Although new to being a slayer, Buffy Summers has already faced vampires and a series of dark forces, but must now try to cope with the collapse of her parents' marriage. Vampires fear for their safety as Buffy takes out her anger on the streets of L.A. The mysterious vampire with a soul, known as Angel, watches over her.

Hoping to ease her pain with magic, Angel unintentionally releases malignancy demons upon the Summers family. Each of the four demons draws from a particular bad feeling.

Buffy the Vampire Slayer #60 

Comic title: "A Stake To The Heart, act 1"

Buffy is struggling to cope with the lack of guidance from a Watcher about her role as slayer, and faces the likely upcoming divorce between her parents.
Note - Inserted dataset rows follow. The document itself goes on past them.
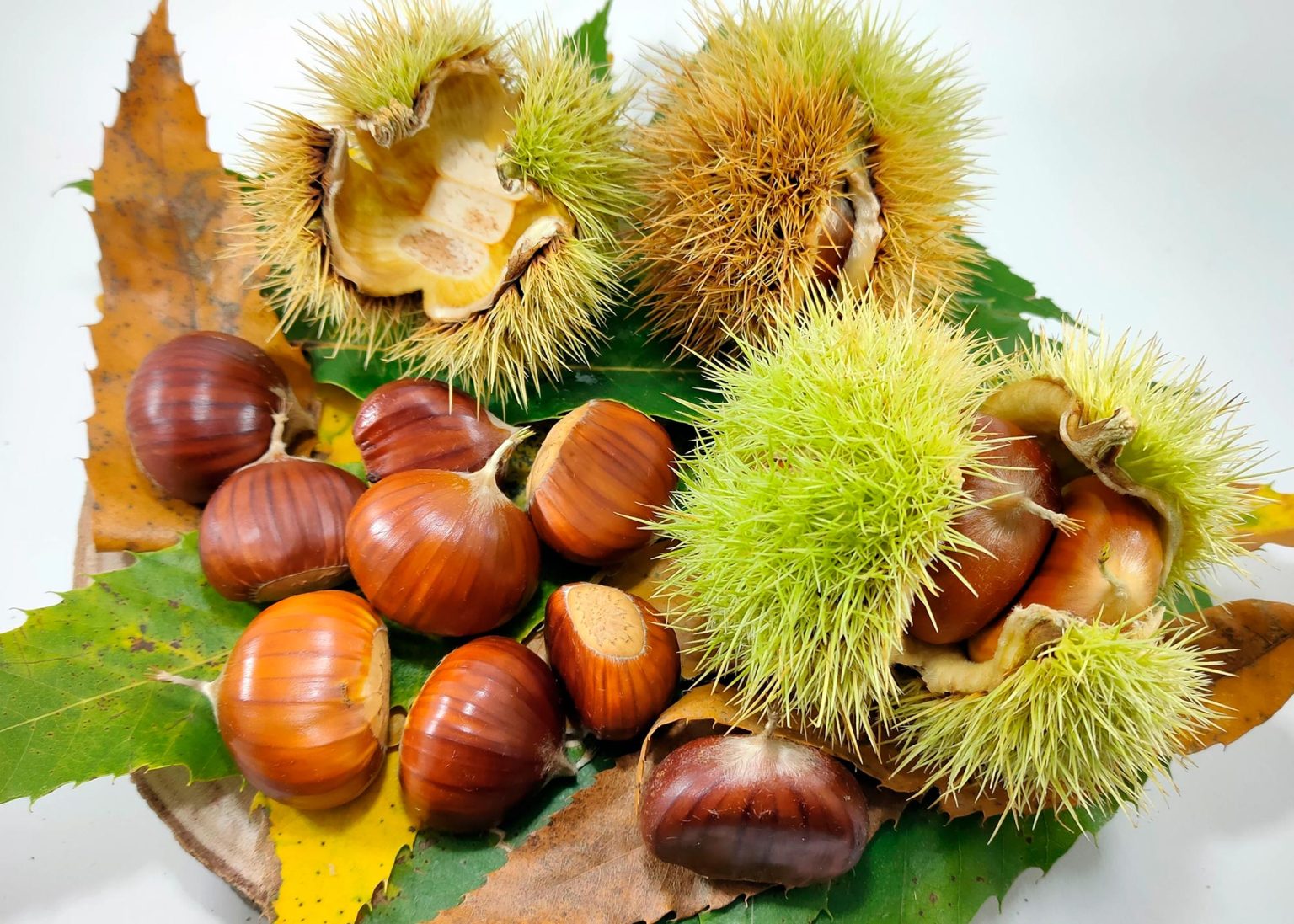 Chestnuts-1536x1097.jpg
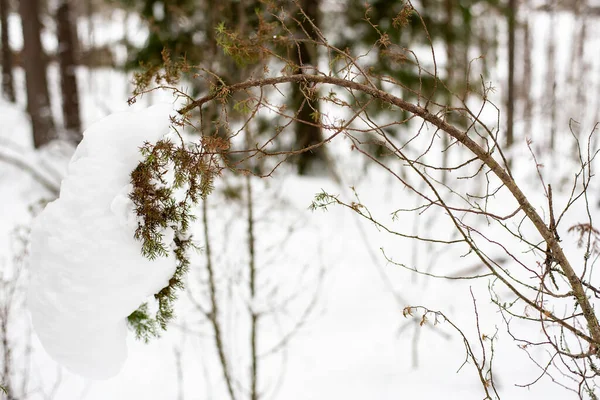 在寒冷多云的冬季森林里 脆弱的杜鹃在雪的重压下弯下腰来 — 图库照片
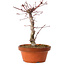 Acer palmatum deshojo, 27 cm, ± 8 anni, con nebari di 3 cm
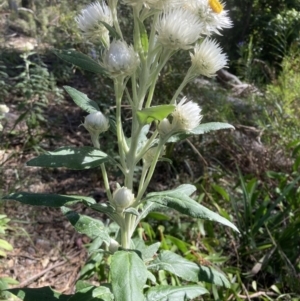 Coronidium elatum subsp. elatum at Woodlands, NSW - 1 Sep 2021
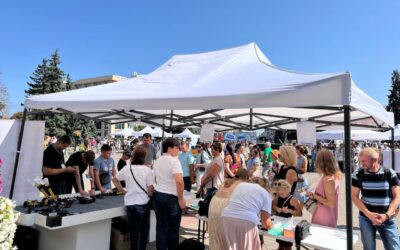 Друзі, Ви ще не на наукових пікніках?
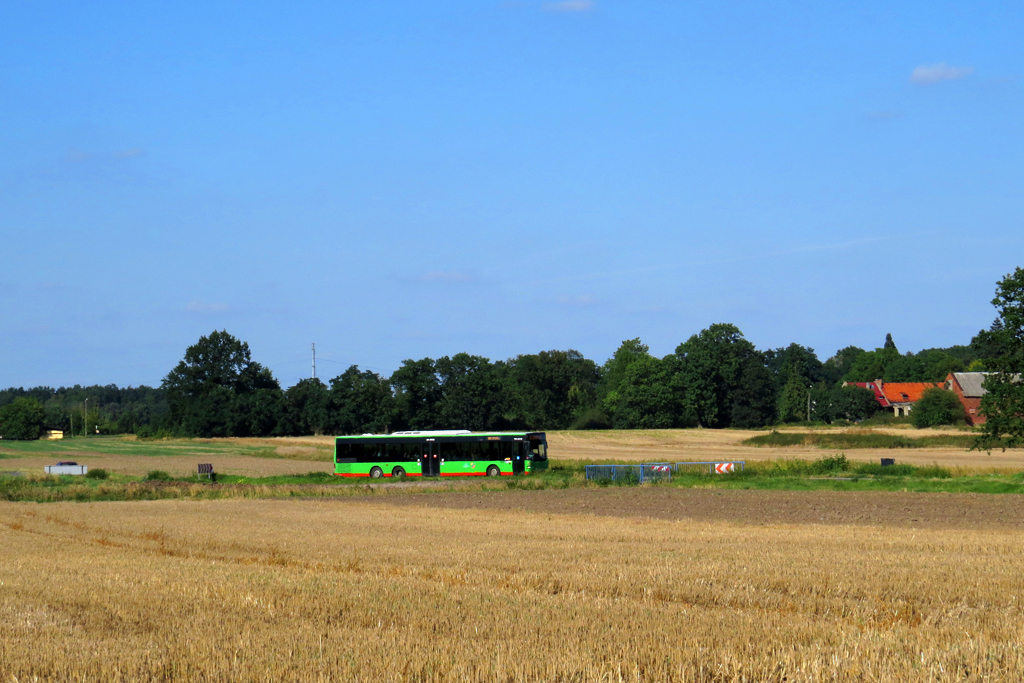 Neoplan N4420 #012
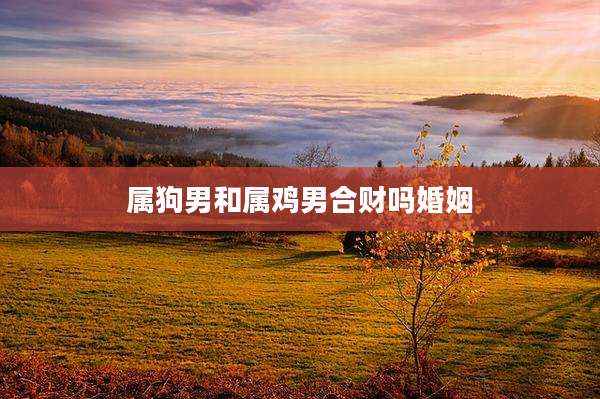 属狗男和属鸡男合财吗婚姻
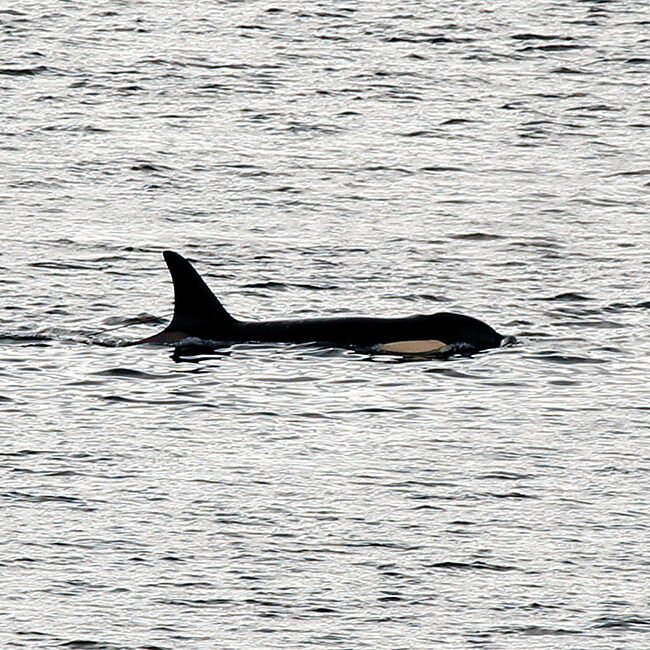 Orca are only some of the wildlife found in Alaska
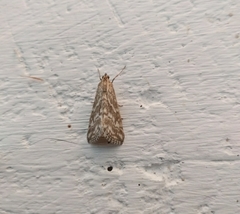 Evergestis frumentalis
Feeling sorry for Buffy, Angel performs a spell that he hopes will make the pressures of life easier on her.

Buffy the Vampire Slayer #61 

Comic title: "A Stake To The Heart, act 2"

Buffy Summers's life isn't going as she might have hoped, as her parents' marriage comes to an end. A string of emotion demons are released upon her, that feed on her negative emotions. Buffy faces the malignancy demons of deceit and guilt.

Buffy the Vampire Slayer #62 

Comic title: "A Stake To The Heart, act 3"

The malignancy demons continue to feed from the Summers women, expanding the negative emotions within them. Buffy unknowingly faces the abandonment demon.

Buffy the Vampire Slayer #63 

Comic title: "A Stake To The Heart, act 4"

Buffy arrives in Sunnydale along with the malignancy demons. The trepidation demon hopes to make Buffy give up on life, and maybe even the whole of Sunnydale might just follow suit. Other members of Sunnydale begin to feel the effects of the demon.

Cast 
Characters include Buffy, Willow, Xander, Giles, Dawn, Joyce, Hank, Angel, Whistler, and Lilah.

References to the television series
 In Act 2, when Giles is unpacking in his house, we can see the Life Time calendar he tells Buffy about in Welcome to the Hellmouth.
 At the end of Act 4, Joyce lies down on a particular couch and states "I could die right here", an obvious reference to The Body.